たった一人でプロジェクトが進むことはあり得ませんから、普段からなんらかの形で他人にギブをして、信頼を得ている必要があります(クラウドファンディングのために他人にギブしろ、ということではありませんが)。

あとは、例えばお返しのリターンの手配が滞ったり、いただいた資金の使い道をハッキリさせなかったりなど、誠実さに欠けたことをしてしまうと、担保にしている信頼はなくなってしまいますので注意が必要です

クラウドファンディングをしたい方へ

実際にクラウドファンディングにトライしたいという方は少なくないでしょう。

僕もまだ道半ばですが、実際トライしてみて、クラウドファンディングに挑戦するために大切なことをつらつらと書いていきますね。

1.SNS上で普段から発信しておくこと

これは既述の通りです。

普段から無料で発信できるSNSを使って、フォロワーやファンを増やしておくことが大切です。

クラウドファンディングであなたを支援してくれる人の割合は、

あなたをすでに知っているファン:4割

ファンの友達や仲間:3割

全く知らない人:3割

と言われています。

あなたのファンは、SNSというツールを通してファンの仲間に拡散してくれるので、大元となるファンやフォロワーがいるかどうかで、プロジェクトの成功は左右されます。

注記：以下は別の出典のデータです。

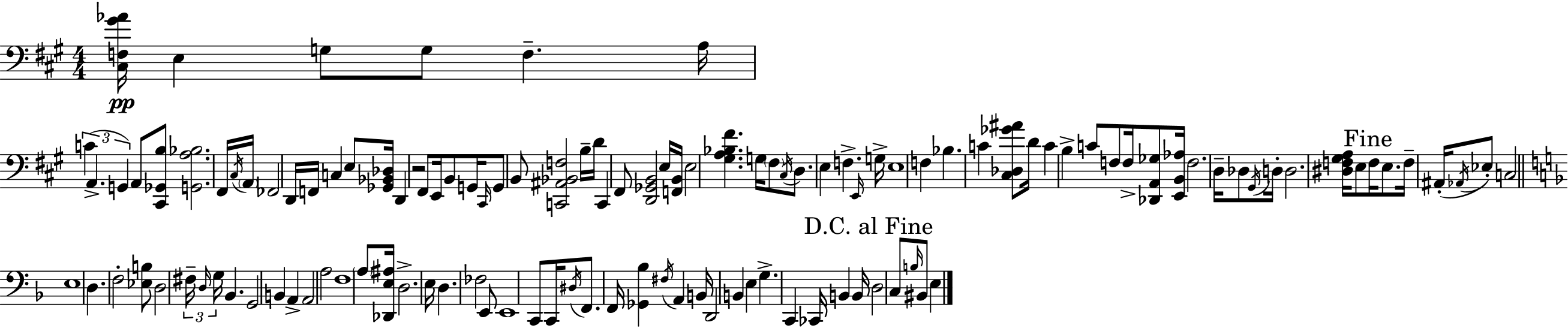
{
  \clef bass
  \numericTimeSignature
  \time 4/4
  \key a \major
  <cis f gis' aes'>16\pp e4 g8 g8 f4.-- a16 | \tuplet 3/2 { c'4( a,4.-> g,4) } a,8 | <cis, ges, b>8 <g, a bes>2. fis,16 \acciaccatura { cis16 } | \parenthesize a,16 fes,2 d,16 f,16 c4 e8 | \break <ges, bes, des>16 d,4 r2 fis,8 | e,16 b,8 g,16 \grace { cis,16 } g,8 b,8 <c, ais, bes, f>2 | b16-- d'16 c,4 fis,8 <d, ges, b,>2 | e16 <f, b,>16 e2 <gis a bes fis'>4. | \break g16 \parenthesize fis8 \acciaccatura { cis16 } d8. e4 f4.-> | \grace { e,16 } g16-> e1 | f4 bes4. c'4 | <cis des ges' ais'>8 d'16 c'4 b4-> c'8 f8 | \break f16-> <des, a, ges>8 <e, b, aes>16 f2. | d16-- des8 \acciaccatura { gis,16 } d16-. d2. | <dis f gis a>16 e8 \mark "Fine" f16 e8. f16-- ais,16-.( \acciaccatura { aes,16 } ees8-.) c2 | \bar "||" \break \key f \major e1 | d4. f2-. <ees b>8 | d2 \tuplet 3/2 { fis16-- \grace { d16 } g16 } bes,4. | g,2 b,4 a,4-> | \break a,2 a2 | f1 | \parenthesize a8 <des, e ais>16 d2.-> | e16 d4. fes2 e,8 | \break e,1 | c,8 c,16 \acciaccatura { dis16 } f,8. f,16 <ges, bes>4 \acciaccatura { fis16 } a,4 | b,16 d,2 b,4 e4 | g4.-> c,4 ces,16 b,4 | \break b,16 \mark "D.C. al Fine" d2 c8 \grace { b16 } bis,8 | e4 \bar "|."
}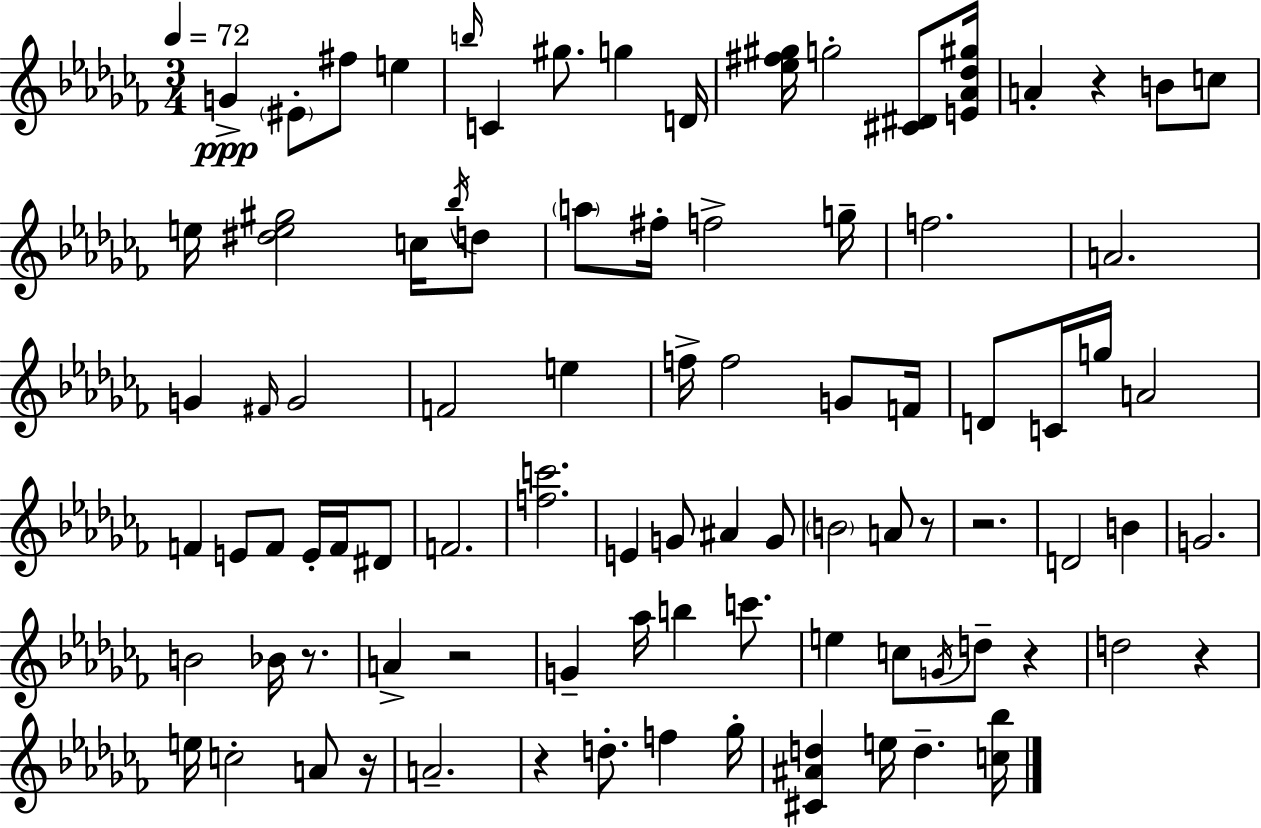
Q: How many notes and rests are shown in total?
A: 89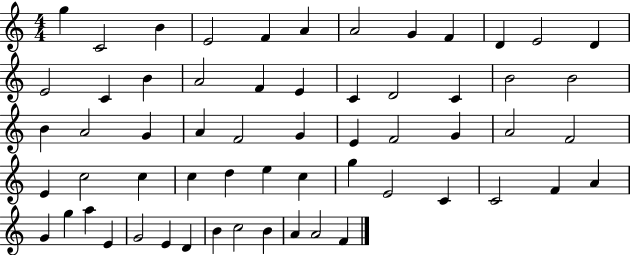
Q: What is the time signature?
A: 4/4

なぜSNSなのかというと、クラウドファンディングでの支援はwebサイト上から行うので、SNSからが一番アクセスしやすいからです。(例えば、テレビCMを見て「面白そう!」と思っても、そこからネットで検索して支援する、というのは少々ハードルが高いので)

2.リアルの場でも、自分に協力してくれる仲間を作ること

これも既述の通りですが、プロジェクトを始めるに当たってチームを編成できないならば、やめておいた方がいいでしょう

僕自身クラウドファンディングにトライして思ったのですが、想像以上に多くの作業が必要となるんですね。

例えばリターン一つにしても、もうすでに販売されている商品(何かのグッズなど)を設定する場合、その販売業者と連携する必要が出てきます。あるいは、トレーナーの活動費として資金を集めたいのであれば、その現場(チーム)の協力は当然必要でしょう。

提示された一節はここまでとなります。